### SUPPLIED RECORDS

○ ○ ○ ○ ○

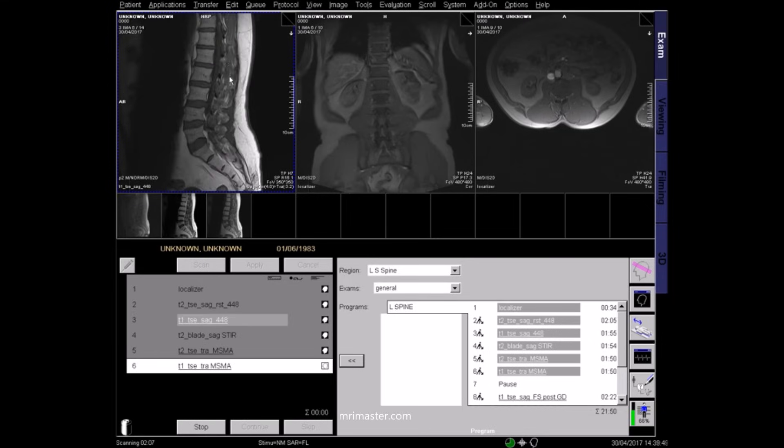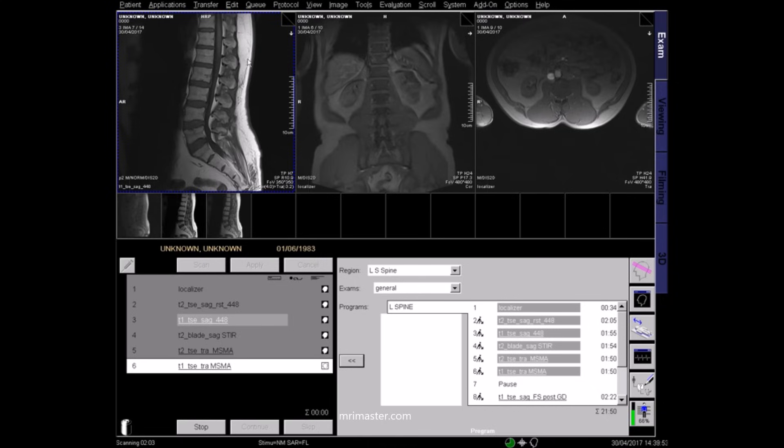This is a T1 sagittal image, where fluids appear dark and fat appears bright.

○ ○ ○ ○ ○

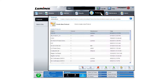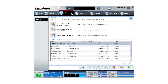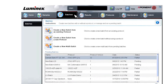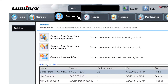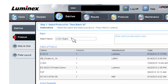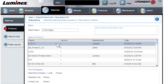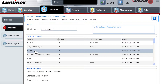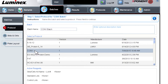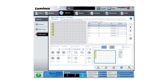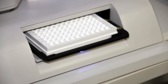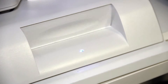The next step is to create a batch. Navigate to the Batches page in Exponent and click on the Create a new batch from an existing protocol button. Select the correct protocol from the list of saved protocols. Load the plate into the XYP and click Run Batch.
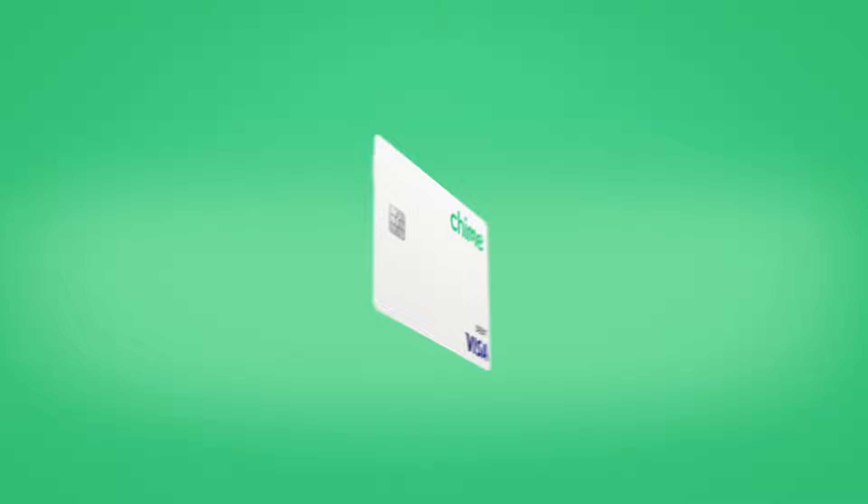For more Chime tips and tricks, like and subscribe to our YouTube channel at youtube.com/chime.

○ ○ ○ ○ ○

### EXERCISE
Reproduce the records above exactly, but only from the line with "The next step" up to and including the line with "For more Chime". Leave the pictures out.

### WORKED SOLUTION
The next step is to create a batch. Navigate to the Batches page in Exponent and click on the Create a new batch from an existing protocol button. Select the correct protocol from the list of saved protocols. Load the plate into the XYP and click Run Batch.
For more Chime tips and tricks, like and subscribe to our YouTube channel at youtube.com/chime.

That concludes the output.